People commonly associate the transformation of rocks with heat and pressure with the creation of diamonds. Diamonds, however, represent only one form of metamorphism. Some metamorphic rocks are produced by high pressure and low heat, others primarily by extreme heat and water. The sources of heat and pressure can vary as well -- which can include burial and earthquakes, and have a significant impact on how a rock is transformed.
The three factors that contribute to metamorphism are heat, pressure and the presence of chemically active fluids. Heat can result from any combination of three separate sources: radioactivity, the friction of tectonic plates sliding past one another or from gravity's constant compressive force. Pressure can arise from direct application, such as the force of one tectonic plate pressing against a rock. Pressure can also build upon a buried rock in the form of gravity, which pulls tons of material downward against that rock.
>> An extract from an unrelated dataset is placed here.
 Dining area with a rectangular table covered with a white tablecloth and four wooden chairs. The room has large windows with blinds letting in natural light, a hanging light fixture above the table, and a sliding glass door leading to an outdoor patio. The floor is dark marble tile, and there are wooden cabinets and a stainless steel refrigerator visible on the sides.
The most common active fluid in metamorphism is water, which circulates through rocks as they heat up, and fosters chemical exchanges between its molecules and the molecules of the rock.
Types of Metamorphism
Just as there are three agents that affect metamorphism, there are three general types of metamorphic processes: dynamic metamorphism, contact metamorphism and regional metamorphism. Dynamic metamorphism is the least common form of metamorphism, and is a pressure-based process that occurs mostly along fault lines. Heat and fluids don't play a significant role here. This process produces rocks such as mylonite, which have distinctive linear textures. Contact metamorphism, conversely, utilizes heat and fluids instead of high pressure. This is also known as hydrothermal metamorphism, and produces many gems and minerals, such as copper and silver. Regional metamorphism is the process that incorporates both high pressure and high heat, and is responsible for producing diamonds. Regional metamorphism is usually the product of burial heat and pressure.
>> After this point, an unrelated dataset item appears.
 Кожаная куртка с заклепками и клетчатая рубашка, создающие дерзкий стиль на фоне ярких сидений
Metamorphism and The Rock Cycle
The rock cycle is the series of transformative processes rocks experience, and the different forms they take. Metamorphism is only one process in this cycle, but it's foundational in that it prepares sedimentary rocks to be melted back down into magma, after which that magma can re-cool to form new igneous rock. In this context, metamorphism can be viewed as a process that concentrates the components of rocks, similar to a trash compactor, before it is incinerated deep beneath the Earth's crust.
Influence of Origin
Aside from the factors of pressure, heat and water, the mineral composition of an igneous rock also contributes to results of metamorphism. The effects of original composition manifest in a rock's texture, and geologists use this quality of texture to categorize these rocks. Foliated rocks are those that display distinct linear features in their physical composition, which are a direct result of the high pressure of regional metamorphism. Slate, phyllite and schist are examples of foliated rocks. Non-foliated metamorphic rocks, conversely, don't exhibit any linear or planar texturing -- or foliation, which indicates that these rocks were formed from the heat of contact metamorphism. Marble is an example of non-foliated metamorphic rock.